[Entries shown]
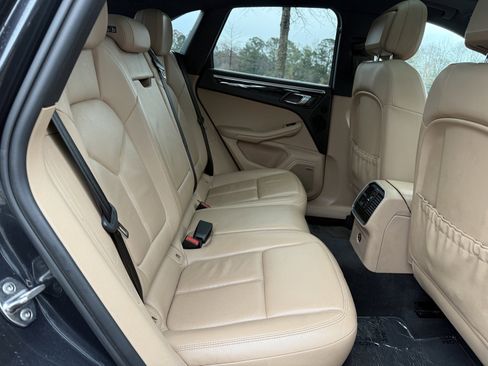 Used 2021 Porsche Macan S image 41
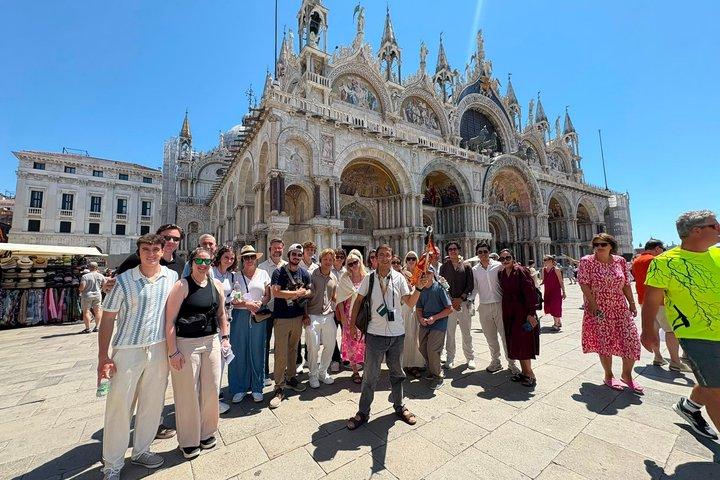 Saint Mark Basilica Guided Tour with Glass Factory Demonstration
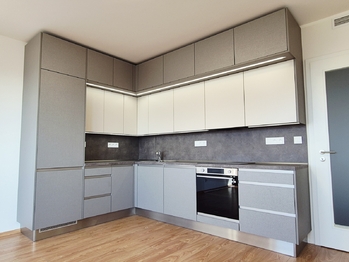 Pronájem bytu 2+kk v osobním vlastnictví 58 m², Praha 4 - Kamýk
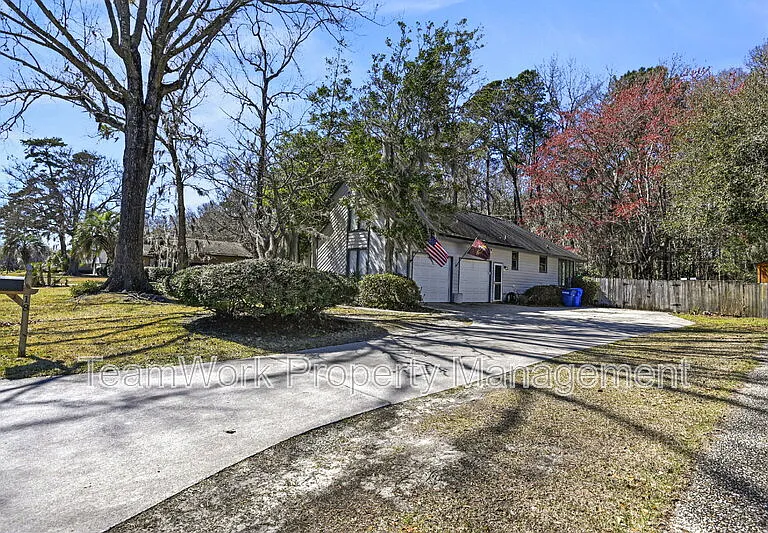 18 Shadowmoss Pkwy — Photo 3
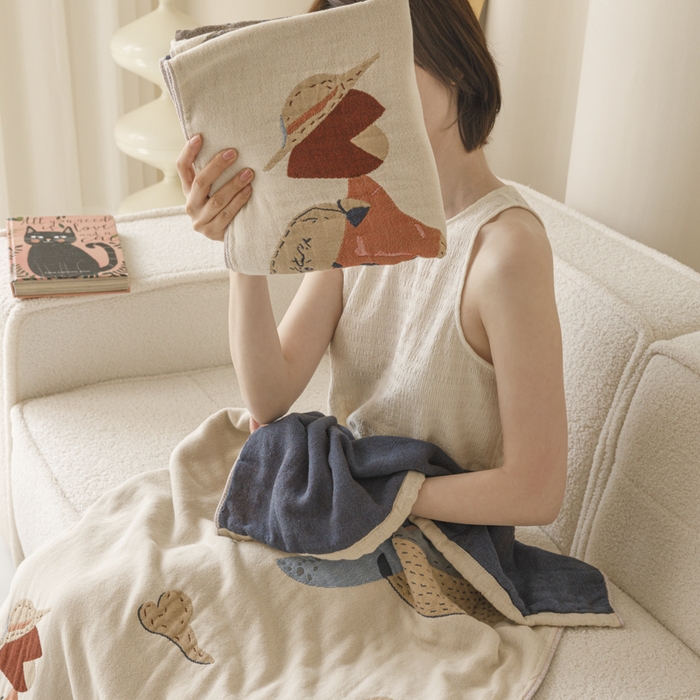 91家纺网 家纺一手货源 找家纺 爱港家纺 2025新款全棉全彩纱浴巾 披肩毯 午睡纱布毯 浴巾-大鱼-女孩 75*150cm/条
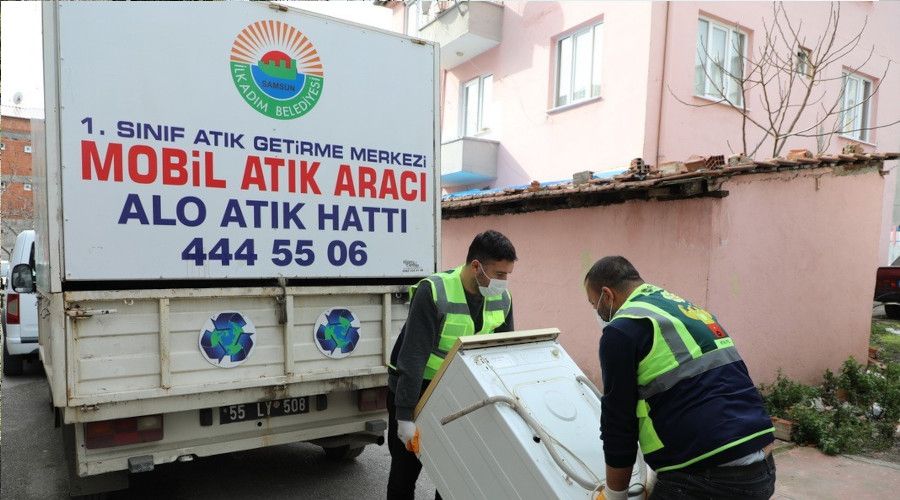 Elektronik atıklar evlerden toplanacak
[/Entries shown]
**Task description:** Transcribe exactly the span of lines from the line holding "18 Shadowmoss Pkwy — Photo 3" through the last line above, both included. Pictures stay out.

**Exercise output:**
 18 Shadowmoss Pkwy — Photo 3
 91家纺网 家纺一手货源 找家纺 爱港家纺 2025新款全棉全彩纱浴巾 披肩毯 午睡纱布毯 浴巾-大鱼-女孩 75*150cm/条
 Elektronik atıklar evlerden toplanacak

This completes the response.